It wasn’t long before this that Peter had beautifully expressed the truth about who Jesus was: “You are the Christ, the Son of the living God” (v. 16). Peter naturally did not want to see His great Teacher and Lord die. He may have also wondered whether this was even possible. If Jesus is truly God’s Son, how could He die? But Jesus was not about to follow the will of Peter—the will of man. He followed the will of His Father in heaven, and His suffering, death, and resurrection happened exactly as He had predicted.
Yet even after His resurrection, the disciples struggled to believe it. The women came on Easter morning telling them about an open tomb, shining angels, and a message from Jesus. “[B]ut these words seemed to them an idle tale, and they did not believe them” (Luk. 24:11). How could it be true? The previous Friday, Jesus had died on the cross. There was no question about it. John himself was there. He saw the soldier pierce the side of Jesus, and he saw blood and water come out (Joh. 19:34). Jesus was dead. The disciples had watched Jesus call back Lazarus from the dead. But who could call back Jesus?
They did not believe it until Jesus appeared to them in the flesh on Easter evening. Since the doors were locked, at first they thought a spirit had come into their midst. But Jesus showed them the marks in His hands, feet, and side. He ate some fish in their presence (Luk. 24:42). Now they realized that He most certainly wasn’t a ghost. This was Jesus, risen from the dead!
All of them were convinced, all except for Thomas. Thomas wasn’t there when Jesus appeared. “Unless I see in his hands the mark of the nails,” he said, “and place my finger into the mark of the nails, and place my hand into his side, I will never believe” (Joh. 20:25). The next Sunday, the disciples including Thomas were all together, and Jesus appeared again. Now Thomas believed: “My Lord and my God!” he said (v. 28). Jesus said to him, “Blessed are those who have not seen and yet have believed” (v. 29).
The skepticism of Thomas is the default position of many today regarding Jesus. They are willing to accept that He existed. They imagine He was probably a good guy. They like how He helped people in need. But they don’t believe He is God, and they don’t believe He came back to life after His death. The only way they would believe these things is if they had proof of some kind, like the proof that Thomas received.

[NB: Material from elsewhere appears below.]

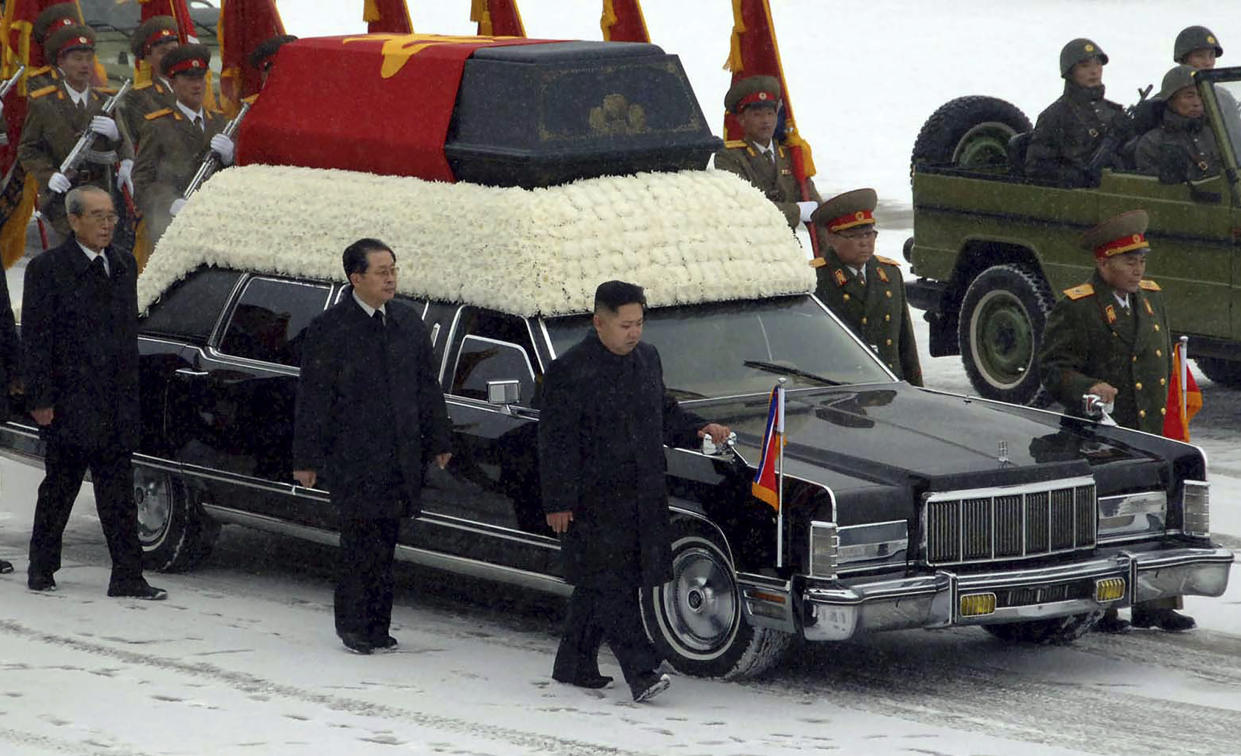 FILE - In this photo released by the Korean Central News Agency and distributed in Tokyo by the Korea News Service, North Korea's next leader Kim Jong Un, center, walks beside the hearse carrying the body of his late father and North Korean leader Kim Jong Il during the funeral procession in Pyongyang, North Korea on Dec. 28, 2011. Escorting Kim Jong Un are, Jang Song Thaek, Kim Jong Il's brother-in-law and vice chairman of the National Defense Commission, second from left, top propaganda official Kim Ki Nam, left, and two military officers, Ri Yong Ho, right, vice marshal of the Korean People's Army and People's Armed Forces Minister Kim Yong Chun. It's been 10 years since Kim Jong Un took power in North Korea after his father suddenly died of a heart attack. The content of this image is as provided and cannot be independently verified. (AP Photo/Korean Central News Agency via Korea News Service, File)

The evidence that the apostle John brings forward is not the evidence one might expect. John says the proof that Jesus is the Son of God is found in “the Spirit and the water and the blood.” This is a reference especially to the beginning and end of Jesus’ public work. He was publicly identified as God’s Son and the promised Savior at His Baptism. When He was baptized, the heavens were opened, and the Spirit of God descended like a dove and rested on Him. Then a voice from heaven said, “This is my beloved Son, with whom I am well pleased” (Mat. 3:16-17).

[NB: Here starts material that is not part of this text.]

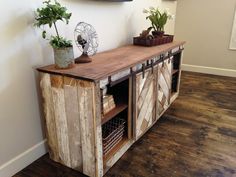 an image of a wooden cabinet with plants on top and the caption below it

That is strong testimony of Jesus’ identity. But how can we be certain it actually happened as described? Some people suggest that Jesus’ closest disciples invented stories about His life. But if you wrote a story and included yourself in it, how would you portray yourself? The disciples are often described as weak, petty, and ignorant. Either those creative writers were extraordinarily humble, or they simply told the truth about themselves and Jesus.

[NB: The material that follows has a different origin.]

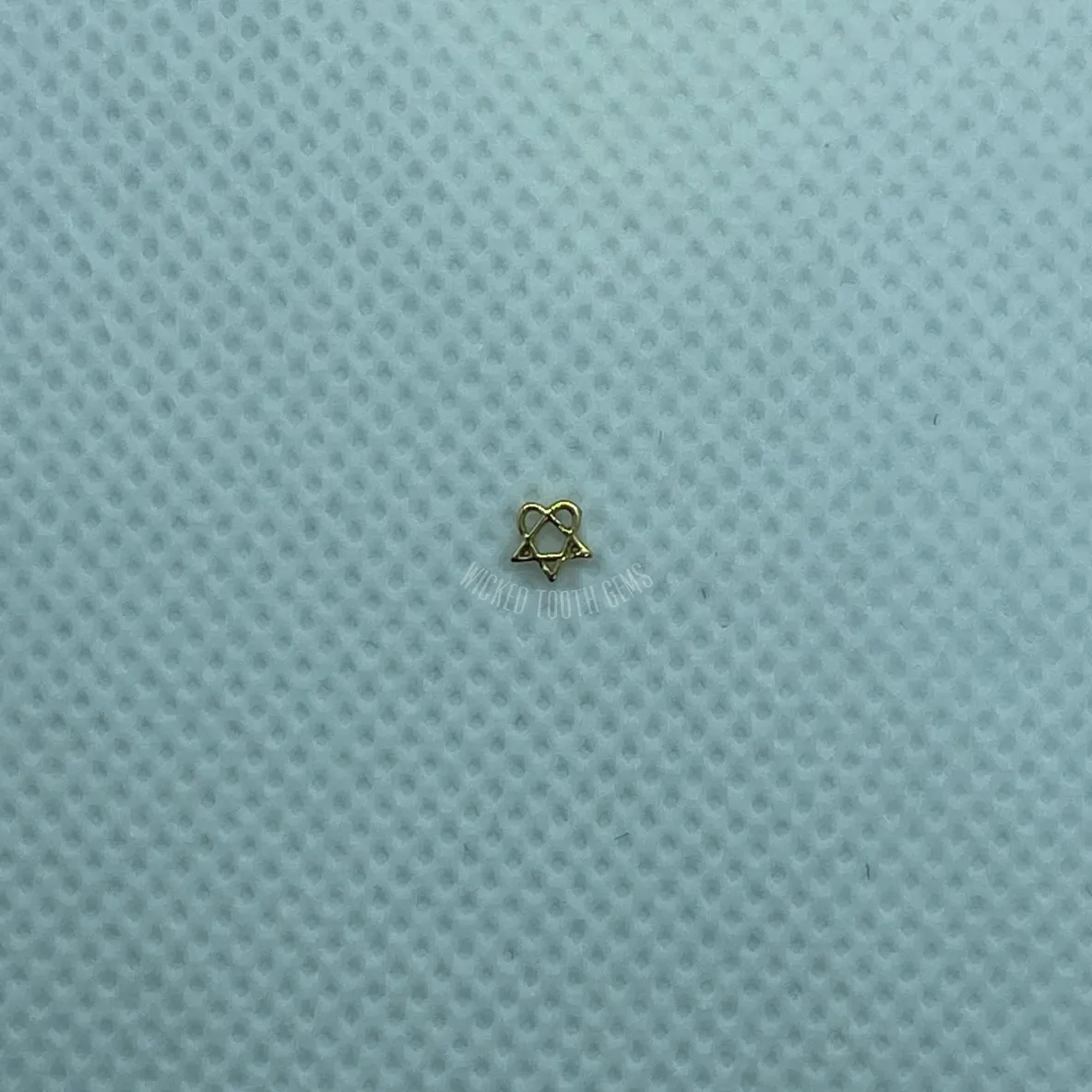 A small piece of cloth sitting on top of a blue surface.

The same goes for John the Baptizer. He was not an all-knowing prophet. He admitted he did not know Jesus was the promised Messiah until he baptized Him. But seeing what happened and hearing the voice of God the Father, he then proclaimed, “this is the Son of God!” (Joh. 1:34). So by “the Spirit and the water” God the Father testified that Jesus was His Son.
Going forward three years, Jesus was now in Jerusalem. He had entered the city on Palm Sunday and was preparing for His imminent death. “Now is my soul troubled,” He said. “And what shall I say? ‘Father, save me from this hour’? But for this purpose I have come to this hour. Father, glorify your name” (Joh. 12:27-28). Then a voice sounding like thunder came from heaven: “I have glorified it, and I will glorify it again” (v. 28). It was the voice of His heavenly Father.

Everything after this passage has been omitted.